眩い光が拡散して、ぱぁっと花が咲く。それが眼にうつるとき、自然と私の意識も拡がっていたような気がする。自分の腕をぐぅーんとひろげて、うぅーんと背伸びして、深呼吸するときのように。でも、その光の寿命は短くて、私たちも息を吸い続けるのには限界があって、私の意識の拡がりもそこで突然途絶えてしまうのだ。そんなとき、私は、次に打ち上げられる花火をどうしても見たいと思う。飽きるまで、深呼吸を続けていたいと思う。もう一度、意識の拡がりを確認したいと思う。



次の花火が打ち上げられる。もう一度深呼吸をする。



だが、やがて、この時間が長くは続かないことに気付きはじめる。花火の弾ける輝きを可能にするのは、前もって集められた多くのエネルギー。深呼吸を可能にするのは、そこで吸われるたくさんの空気。拡がるためには、何かが必要なのだ。それらは有限で、私は仕方なくいつもの場に戻る。
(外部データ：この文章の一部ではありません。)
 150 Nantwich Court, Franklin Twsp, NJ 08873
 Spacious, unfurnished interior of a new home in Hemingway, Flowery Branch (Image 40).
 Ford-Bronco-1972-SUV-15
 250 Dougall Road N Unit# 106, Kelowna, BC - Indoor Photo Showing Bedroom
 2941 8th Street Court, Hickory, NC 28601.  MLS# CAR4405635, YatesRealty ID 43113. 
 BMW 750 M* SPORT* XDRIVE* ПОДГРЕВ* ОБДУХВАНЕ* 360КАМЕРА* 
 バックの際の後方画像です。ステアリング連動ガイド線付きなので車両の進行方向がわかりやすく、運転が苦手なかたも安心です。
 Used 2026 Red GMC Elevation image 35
こんなふうに、自分の 意識 の拡がりを 意識 できる、ことはそうなくて、いつもは自分の知らないうちに、何かが、誰かが、足音を立てずに、意識の中に入りこんでくる。それに対しては、私は非常に鈍感だという認識だけは何となくある。





ティーブジョブスは、スピーチの中で、こう言っている

君たちの時間は限られている。だから自分以外の他の誰かの人生を生きて無駄にする暇なんかない。ドグマという罠に、絡め取られてはいけない。それは他の人たちの考え方が生んだ結果とともに生きていくということだからね。その他大勢の意見の雑音に自分の内なる声、心、直感を掻き消されないことです。自分の内なる声、心、直感というのは、どうしたわけか君が本当になりたいことが何か、もうとっくの昔に知っているんだ。だからそれ以外のことは全て、二の次でいい。

昔はあったかもしれない意思みたいなものは、何だか無理に自分の意識を拡げようとしていく過程で、誰かの意思の込められた音も雑音も全部自分のなかに浸透させてしまったせいで、もう、どこにいってしまったのかよく分からなくなってしまったような気がする。平凡未満。





きっと今の自分に必要なのは、収縮なんだろうと思う。全ての浸透を拒むことなく、拡張を続けながら、一方でそれ以上の収縮をしていくというのは、決して簡単なことではないと思うけれど、それを乗り越えて、この毎日という日を何かに支配されることなく、淡々とおくれるようになりたい。明日があってもなくても。